Stagnation is stagnation. No matter how many coats of armor it's clad in, no matter how you attempt to further 'brutalize' it, a death metal album cannot work without some balance of quality riff composition, morbid or malevolent atmosphere, or at the very least some head-spinning level of technicality or complexity which forces the listener's brain into a series of mental acrobatics. Funny enough, Back from Beyond has none of this, it's simply a pure 'ca$h in on the fact that we were a death metal band signed during the formative years of the genre' reunion which offers absolutely nothing new or credible with its formulaic, exhausted riffing progressions. That it's an obvious 'sequel' to Massacre's decidedly average 1991 debut From Beyond, arriving to strike when the iron of death metal nostalgia is hot, only serves as emphasis to its dubious nature, and about the only thing in its favor is that it's nowhere near as awful as the shitty sophomore Promise. But that's faint praise, because:
One Direction is not as shitty as Promise.

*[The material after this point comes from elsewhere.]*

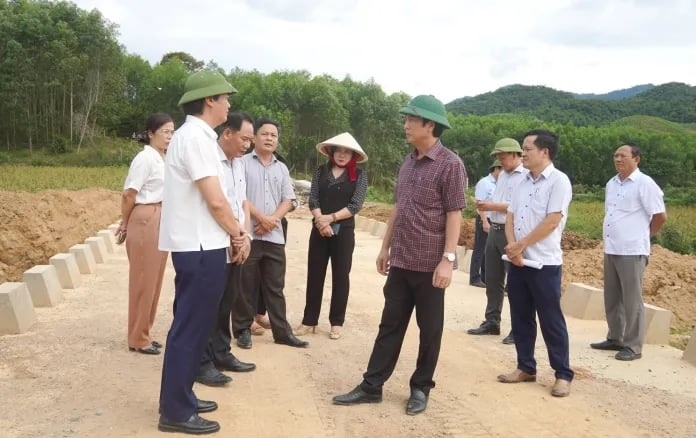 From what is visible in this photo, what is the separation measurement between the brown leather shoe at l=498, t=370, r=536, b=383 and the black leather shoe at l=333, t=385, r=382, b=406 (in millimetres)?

Li'l Wayne is not as shitty as Promise.
The Last Airbender was not as shitty as Promise.
Having the Earth and everyone and everything you love on it incinerated simultaneously by a solar flare might arguably not be as shitty as having to listen through Promise.
As you can see, Massacre and I have not always had the tightest of relationships, but the worst I could say for From Beyond was that it was 'just alright'. An early 'also-ran' record, sure, but there were only a few coattails to ride on at that point. Not the case with Back from Beyond, which is more or less an effortless doppelganger of decades of traditional death metal. And I mean effortless...Rick Rozz could hardly have spent more than mere moments conceiving such predictably insipid note progressions, and if you've already heard the Condemned to the Shadows EP from 2012, there's almost no point in tracking this down, since those are by far the best tunes here and the rest is monotonous filler with samey sounding rhythm guitars, and vocal patterns that are rarely distinguishable from one another. Of course, if you've listened to Autopsy, Death or Obituary's material from around 1987-1990, there's not much point listening to Massacre in the first place, but that goes without saying. This completely lacks the ambition one could hope for in a band who were around in the old days, and in fact the whole thing seems like its merely struggling to achieve the level of its 1991 predecessor, and settling for a comparable result. It goes a little too far in its quest for 'purity'.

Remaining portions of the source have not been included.